One year ago, on 1 September 2020, Coffs Collections was launched. It was the work of a two-year small-team project to prepare digital cultural infrastructure for digitising and sharing the cultural and historical collections of the Regional Museum, the Regional Gallery and the Library. One member of that team shared her view of the outcome:
We have never had all our records or images in one place before, and they’ve never all been publically available before. Coffs Collections has been a breath of fresh air in managing our content!
(On a personal note, it has also meant that I could find sustainable employment in my home town.) I’m so excited for our first birthday!
Nerida, Digital Cultural Collections Specialist
The new service is already starting to make an impact, on Council colleagues and the wider community. Local ABC Radio has created snippets of the interviews to replay each week. Donations, including one recently made by videographer Graham Bell, and research such as an exploration of the Glynn’s cordial factory have been inspired by the easy availability of our local history.
I use Coffs Collections to get a sense of how the environment has changed over time – i.e. have fish stocks (quantity and size) changed, what did specific places look like in the past etc. We then incorporate this information into the tours that we guide.
Elisabeth, Sustainable Living Programs Officer
The interest in preserving Coffs’ identity over time started in 1952, when members of the Country Womens’ Association decided to record information and gather artefacts about the town’s and district’s history. Their enthusiasm, combined with that of educators such as George England (high school teacher), resulted in the development of an historical society for the region in 1955. [Coffs Harbour Vol II : 1946 – 1964, Yeates, 1993, p.167]
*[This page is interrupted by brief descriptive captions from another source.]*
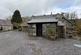Additional image 15 of Talybont, Bangor, Gwynedd, LL57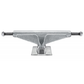 Venture V Hollow Polished High Trucks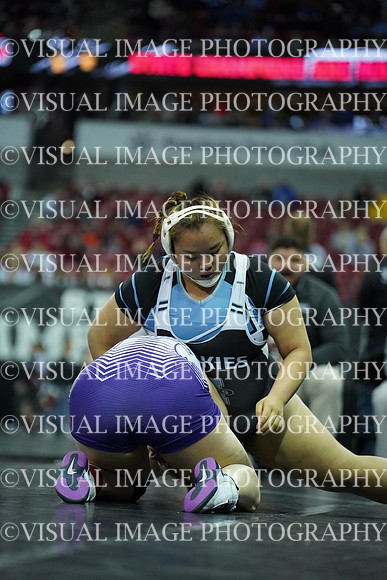 WIIWRG26_235_C010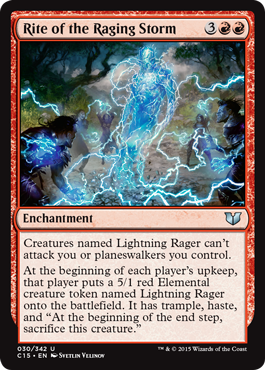 spoiler-c15-rite-raging-storm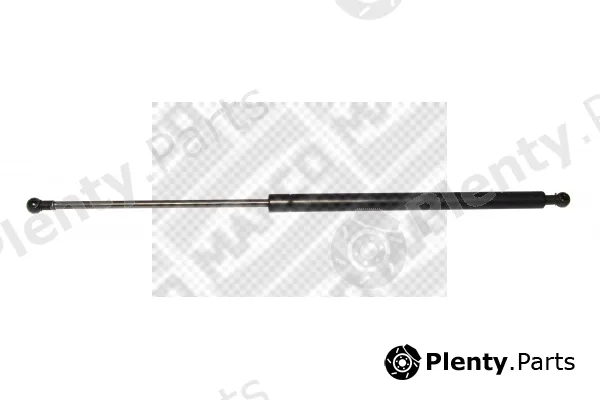 Mapco 20985 — Gas Spring, boot/cargo area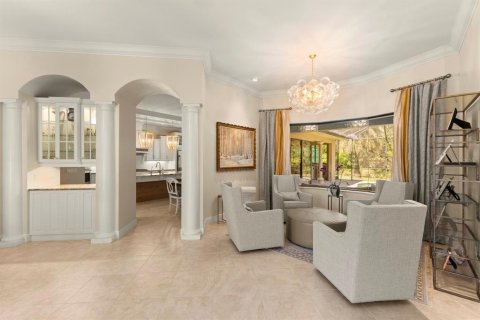 Casa en venta en Sarasota, Florida, 4 dormitorios, 310.2 m2 № 1686503 - foto 12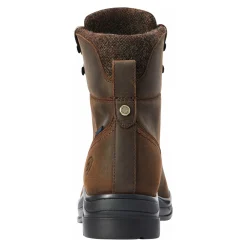 ARIAT Outdoorstiefel Harper H2O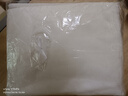 COODORA学生宿舍蚊帐方顶加密蚊帐单开门0.9米出租屋寝室【上下铺通用】 实拍图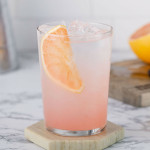 Set de Vasos La Mediterránea 0,52 l (12 Unidades)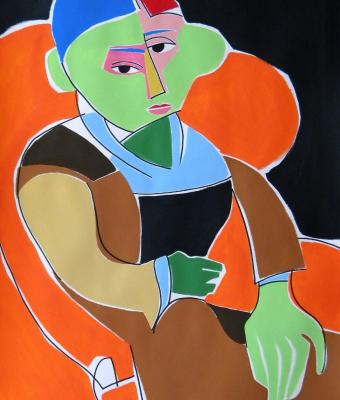 madame-czanne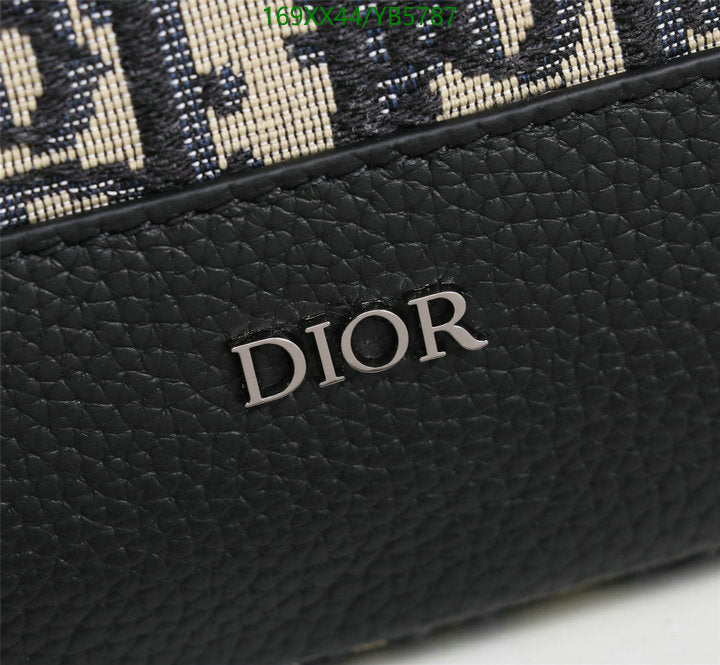 SAMCC - DOR Bags - 1478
Mr England was keen to capture the area’s earliest history too. Another educator, Neil Yeates (university lecturer), subsequently documented the histories of Coffs Harbour and Woolgoolga in three volumes. Much of the raw materials they used and the information they captured are stored in or linked to by Coffs Collections. This service is an expression of our gratitude for their work.
In the years leading up to 2001, and with the support of ambassadors the Banana Twins, the region’s artistic endeavours were drawn to a dedicated facility. As a result, the Coffs Harbour Regional Gallery is celebrating its 20th birthday this year. All of the exhibitions held by the Gallery are available for viewing as a timeline in Coffs Collections.
The first Coffs Harbour City Council digitisation project curated the photographic collection of the Regional Museum, and culminated in the Picture Coffs Harbour service in 2008. It was switched off and integrated into the new service last year.
The community is fortunate to have this very accessible platform – a foundation for the discovery of our identity – which we continue to build on.
Debbie, Local Studies & Digitisation Librarian
When Create NSW funded the project to build Coffs Collections, no one had foreshadowed the impending pandemic lockdowns. The grant opportunity became even more significant, and resulted in a rare example of a merged regional gallery and museum service envied by many other cultural agencies.
Capturing local stories in this single convenient web location will soon be reflected in the co-location of the three cultural facilities – Library, Gallery and Museum – at one physical destination in 2022. We look forward to a shared future.
Coffs Collections makes researching our collections so much easier and more pleasurable. There is so much rich material to be explored and real gems to be found. Prepare to be taken by surprise as your view of Coffs’ history is upended!